The HUP Evaluation Assistantship (HEA) pilot provides paid year-long positions for two graduate research assistants (GRAs) to develop evaluation tools that help Hennepin County improve its ability to reduce disparities and create an environment where all residents can thrive. The county-identified evaluation topics for 2024 are “Streets to Housing Evaluation” and “Status Neutral Strategies to Reduce HIV Incidence Among Young Black Men”. Learn more about these topics. For questions, please email us at [email protected].
HEA students will help plan and design evaluation frameworks, processes and tools that will build capacity for Hennepin County policymakers to make ongoing and long-term strategic decisions. This work will be done in partnership with county subject matter experts, with additional guidance provided by county mentors and UMN faculty. Throughout the program you will will have a high level of autonomy to lead your own work, similar to an external consultant.
HEA students will lead the evaluation design process from conceptualization to execution. This is divided into three distinct stages:
- Spring | Planning: GRAs will (1) conduct initial background research, and (2) develop a project scope that identifies needs, goals, limitations, and resources.
- Summer | Creating: GRAs will (1) create an evaluation plan and accompanying tools (e.g. surveys, focus group/interview questions, etc.), and (2) continue research as-needed.
- Fall | Executing/Offboarding: GRAs will begin executing on the evaluation and/or help transfer the evaluation effort and research findings to Hennepin County staff.
2024 Key Details:
- Application Period: October 27 through November 13
- Program Duration: January 11, 2024 - January 8, 2025
- Hours: Spring = 10 hrs/wk (50% tuition benefit), Summer = 20 hrs/wk (no tuition), Fall = 10 hrs/wk (50% tuition benefit)
- Hourly Rate: $21.58 (MA level), $24.40 (PhD level)
- Location: hybrid work + in-person cohort activities
Students will be "re-hired" each semester, contingent on performance. Students who anticipate graduating in May 2024 are welcome to apply.
The UMN requires that GRAs be:
- Admitted to a graduate school degree program or a post-baccalaureate professional degree program.
- Registered for the minimum number of required credits for an assistantship during both Fall and Spring terms (more info)
- Authorized to work in the United States (International students who work on-campus are eligible)
In addition to the above eligibility requirements, this program is a good fit for students who:
- Have an interest in evaluation, and who want to grow and creatively apply these skills and knowledge to community issues
- Are passionate about working to address racial disparities and other forms of inequity
- Want to work in an environment with a high level of collaborative teamwork and professional autonomy and responsibility
- All graduate level students are welcome to apply.
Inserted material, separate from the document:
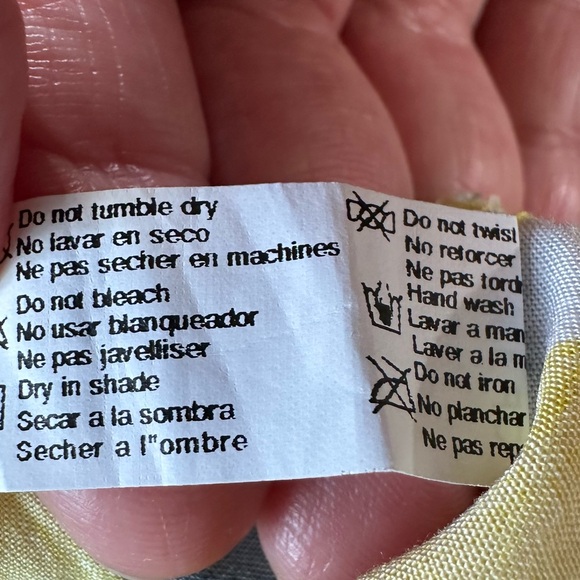 MAAJI Strapless Long Smocked Tiered Maxi Dress Floral Hamilton Bay Print Size M - Picture 7 of 16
This program is a particularly good fit for students who are considering, or currently enrolled in, a PhD program.
How to Apply
Disparity Reduction and Climate Action are emphasized in all county work. We encourage you to review Hennepin County’s Disparity Reduction and Climate Action priorities to familiarize yourself with current efforts.
Fill out the online application by Monday, November 13, 11:59pm CST. Use the instructions linked here to complete your application. You will be notified of the final decision by December 1.
After the application closes, HUP staff will review applications and invite applicants to a first-round interview during November. After first-round interviews, HUP staff will extend an offer for second-round interviews. All applicants will know the result of their application no later than December 1.
Applicants will be evaluated based on the following criteria:
- 50%: Ability and motivation to conduct evaluative work with a local government partner. This requires:
- Strong communication and interpersonal skills
- Strong analytical skills
- Curiosity, and an ability to observe and question
- Ability to lead a project with limited oversight
- Ability to effectively adapt and work within strong organizational cultures
- Self-awareness of one’s strengths and weaknesses
- 25%: Transferability of skills, experience, and knowledge to the preselected evaluation topics
- 25%: How participation in the program will benefit the student in their academic and professional development.
We will use the following sources to evaluate applicants:
- First- and second-round interviews
- Short answer responses
- Class list
- Mirinda Morency, College of Education and Human Development: conducted developmental evaluation work to assess the impacts of Hennepin County's violence prevention programming.
- Margaret Turvey, Humphrey School of Public Affairs: established evaluation frameworks to assess the impact of Hennepin County's Affordable Housing Incentive Fund.